Congregational Churches existed in all states and territories of Australia at some time. The oldest Congregational Church was founded in Hobart in 1830 by Frederick Miller.

==History==
One of the earliest and most influential Congregational ministers in early times was Thomas Q. Stow, who built the first church in South Australia.

Some of the first Congregational Churches established in each Australian state included the Pitt St church in Sydney, Stow Memorial Church (now Pilgrim Uniting) in Adelaide, Collins Street (now St Michael's) church in Melbourne, Trinity (now Trinity Uniting) in Perth, and National Memorial Church (now City Uniting) in Canberra.

The NSW branch of the denomination, the Congregational Union of New South Wales, was incorporated by an Act of the New South Wales Parliament, The Congregational Union Incorporation Act 1882.

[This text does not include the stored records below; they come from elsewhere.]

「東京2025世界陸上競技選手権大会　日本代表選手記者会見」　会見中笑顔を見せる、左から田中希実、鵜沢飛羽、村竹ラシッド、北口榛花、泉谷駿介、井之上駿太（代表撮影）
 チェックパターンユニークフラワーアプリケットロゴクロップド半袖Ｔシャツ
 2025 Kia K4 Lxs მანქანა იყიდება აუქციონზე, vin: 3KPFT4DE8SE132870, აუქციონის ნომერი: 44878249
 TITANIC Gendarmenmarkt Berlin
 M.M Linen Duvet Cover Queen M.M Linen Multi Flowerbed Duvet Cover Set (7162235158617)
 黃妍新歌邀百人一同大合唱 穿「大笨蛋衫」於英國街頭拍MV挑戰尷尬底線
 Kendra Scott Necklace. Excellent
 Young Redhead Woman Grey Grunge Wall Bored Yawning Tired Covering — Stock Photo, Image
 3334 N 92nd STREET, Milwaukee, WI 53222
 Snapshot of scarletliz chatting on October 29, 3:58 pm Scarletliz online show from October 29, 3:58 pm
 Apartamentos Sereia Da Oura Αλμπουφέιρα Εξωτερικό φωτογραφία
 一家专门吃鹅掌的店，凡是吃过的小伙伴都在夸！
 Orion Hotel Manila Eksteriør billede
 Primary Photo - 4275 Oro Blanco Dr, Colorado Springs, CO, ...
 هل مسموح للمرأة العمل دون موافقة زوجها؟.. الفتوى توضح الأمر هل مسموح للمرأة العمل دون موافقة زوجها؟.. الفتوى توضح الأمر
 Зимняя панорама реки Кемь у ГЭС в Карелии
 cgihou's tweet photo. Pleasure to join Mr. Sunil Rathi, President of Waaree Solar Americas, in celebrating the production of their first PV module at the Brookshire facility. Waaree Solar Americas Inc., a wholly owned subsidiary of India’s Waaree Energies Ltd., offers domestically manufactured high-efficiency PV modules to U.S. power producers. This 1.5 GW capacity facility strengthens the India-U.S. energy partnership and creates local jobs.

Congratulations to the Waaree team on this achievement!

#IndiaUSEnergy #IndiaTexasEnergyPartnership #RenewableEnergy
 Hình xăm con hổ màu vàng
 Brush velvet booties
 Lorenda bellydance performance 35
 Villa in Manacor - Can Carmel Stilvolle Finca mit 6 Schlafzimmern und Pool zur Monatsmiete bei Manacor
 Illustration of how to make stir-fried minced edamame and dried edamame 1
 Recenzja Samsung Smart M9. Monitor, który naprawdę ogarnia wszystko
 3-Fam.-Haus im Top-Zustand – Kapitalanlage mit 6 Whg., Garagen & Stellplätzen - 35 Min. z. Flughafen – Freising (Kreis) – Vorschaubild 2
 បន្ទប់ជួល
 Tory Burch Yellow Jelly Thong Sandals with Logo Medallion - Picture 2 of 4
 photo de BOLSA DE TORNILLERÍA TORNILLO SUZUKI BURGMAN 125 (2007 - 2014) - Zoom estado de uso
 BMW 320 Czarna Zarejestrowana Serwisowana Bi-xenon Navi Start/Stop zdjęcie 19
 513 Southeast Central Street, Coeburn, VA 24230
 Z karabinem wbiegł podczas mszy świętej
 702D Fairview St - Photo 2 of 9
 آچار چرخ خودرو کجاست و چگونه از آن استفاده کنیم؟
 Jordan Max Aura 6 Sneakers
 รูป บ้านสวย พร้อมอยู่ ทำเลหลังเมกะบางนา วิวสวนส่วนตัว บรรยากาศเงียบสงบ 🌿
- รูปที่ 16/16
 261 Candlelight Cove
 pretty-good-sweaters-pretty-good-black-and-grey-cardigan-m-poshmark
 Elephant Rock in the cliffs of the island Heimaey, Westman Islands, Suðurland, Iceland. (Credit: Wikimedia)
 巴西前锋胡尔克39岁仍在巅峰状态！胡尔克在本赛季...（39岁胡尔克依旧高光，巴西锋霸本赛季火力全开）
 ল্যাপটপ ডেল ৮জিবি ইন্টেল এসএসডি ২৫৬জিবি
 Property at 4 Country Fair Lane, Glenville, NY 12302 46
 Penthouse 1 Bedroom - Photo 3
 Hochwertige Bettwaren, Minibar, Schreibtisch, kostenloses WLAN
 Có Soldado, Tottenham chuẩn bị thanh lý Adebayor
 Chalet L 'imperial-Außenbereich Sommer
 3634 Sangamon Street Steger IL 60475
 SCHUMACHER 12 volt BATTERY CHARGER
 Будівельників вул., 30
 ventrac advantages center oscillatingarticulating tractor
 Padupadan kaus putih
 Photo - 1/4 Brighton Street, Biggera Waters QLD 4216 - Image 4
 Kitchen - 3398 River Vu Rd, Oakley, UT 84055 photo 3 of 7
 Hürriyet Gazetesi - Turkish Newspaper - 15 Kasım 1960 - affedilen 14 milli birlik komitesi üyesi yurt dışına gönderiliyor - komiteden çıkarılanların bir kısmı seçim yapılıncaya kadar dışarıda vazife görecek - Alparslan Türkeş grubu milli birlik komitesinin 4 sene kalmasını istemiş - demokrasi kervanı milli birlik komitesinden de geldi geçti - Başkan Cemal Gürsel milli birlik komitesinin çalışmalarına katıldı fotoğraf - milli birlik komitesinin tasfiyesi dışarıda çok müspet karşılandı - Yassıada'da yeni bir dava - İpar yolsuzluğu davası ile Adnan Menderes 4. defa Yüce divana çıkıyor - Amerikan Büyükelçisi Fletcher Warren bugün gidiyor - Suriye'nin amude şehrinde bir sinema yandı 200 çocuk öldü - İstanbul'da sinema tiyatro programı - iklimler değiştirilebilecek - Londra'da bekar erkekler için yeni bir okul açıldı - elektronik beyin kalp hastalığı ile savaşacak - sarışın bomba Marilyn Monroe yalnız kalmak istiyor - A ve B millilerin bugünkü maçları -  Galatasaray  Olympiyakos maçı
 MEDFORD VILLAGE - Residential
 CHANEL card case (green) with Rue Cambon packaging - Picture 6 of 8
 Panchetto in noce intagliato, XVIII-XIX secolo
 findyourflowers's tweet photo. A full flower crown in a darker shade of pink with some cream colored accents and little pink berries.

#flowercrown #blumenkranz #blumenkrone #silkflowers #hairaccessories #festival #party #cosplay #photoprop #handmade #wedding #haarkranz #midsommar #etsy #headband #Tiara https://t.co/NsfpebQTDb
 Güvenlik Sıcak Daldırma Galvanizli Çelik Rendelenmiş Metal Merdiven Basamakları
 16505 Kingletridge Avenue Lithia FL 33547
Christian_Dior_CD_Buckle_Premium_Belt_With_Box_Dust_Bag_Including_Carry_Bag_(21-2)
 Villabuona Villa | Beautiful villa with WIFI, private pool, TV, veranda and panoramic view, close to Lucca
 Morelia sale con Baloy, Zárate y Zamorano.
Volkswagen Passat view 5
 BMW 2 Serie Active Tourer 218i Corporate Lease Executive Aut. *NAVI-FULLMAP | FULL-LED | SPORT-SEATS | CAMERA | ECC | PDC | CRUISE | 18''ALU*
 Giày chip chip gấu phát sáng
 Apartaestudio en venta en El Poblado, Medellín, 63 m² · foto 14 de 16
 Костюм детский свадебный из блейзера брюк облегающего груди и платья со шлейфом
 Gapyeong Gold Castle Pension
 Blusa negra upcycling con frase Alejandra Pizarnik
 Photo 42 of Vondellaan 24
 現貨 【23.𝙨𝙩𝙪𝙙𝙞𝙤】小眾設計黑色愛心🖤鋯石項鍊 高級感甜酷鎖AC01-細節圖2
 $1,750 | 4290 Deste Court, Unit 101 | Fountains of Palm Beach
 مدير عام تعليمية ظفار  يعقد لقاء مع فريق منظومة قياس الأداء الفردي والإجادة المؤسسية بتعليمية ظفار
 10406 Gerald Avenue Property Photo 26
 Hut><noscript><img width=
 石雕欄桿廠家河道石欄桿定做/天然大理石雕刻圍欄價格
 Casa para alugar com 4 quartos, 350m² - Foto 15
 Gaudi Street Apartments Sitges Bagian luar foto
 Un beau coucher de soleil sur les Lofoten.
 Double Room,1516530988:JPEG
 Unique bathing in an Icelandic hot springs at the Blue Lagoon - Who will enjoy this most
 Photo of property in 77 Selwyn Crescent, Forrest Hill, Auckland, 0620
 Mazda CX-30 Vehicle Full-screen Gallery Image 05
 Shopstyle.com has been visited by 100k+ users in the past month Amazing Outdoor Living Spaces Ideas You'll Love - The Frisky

The Congregational Church was the first Christian denomination in Australia to ordain women, with the first female ordained being Winifred Kiek in 1927.

==Dissolution==
The Union dissolved in 1977 when the Uniting Church in Australia was formed. 260 of the congregations that had previously formed the Union joined the new Uniting Church. The Uniting Church union also included the Methodist Church of Australasia and the Presbyterian Church of Australia.

However, 40 other congregations that had previously formed the Union objected to joining the new Uniting Church and formed the Fellowship of Congregational Churches instead. In 1995, there was a split within that Fellowship, with some more ecumenically-minded congregations leaving to form the Congregational Federation of Australia.

Today, there are, therefore, three Christian organizations that can claim to be direct 'descendants' of the Union.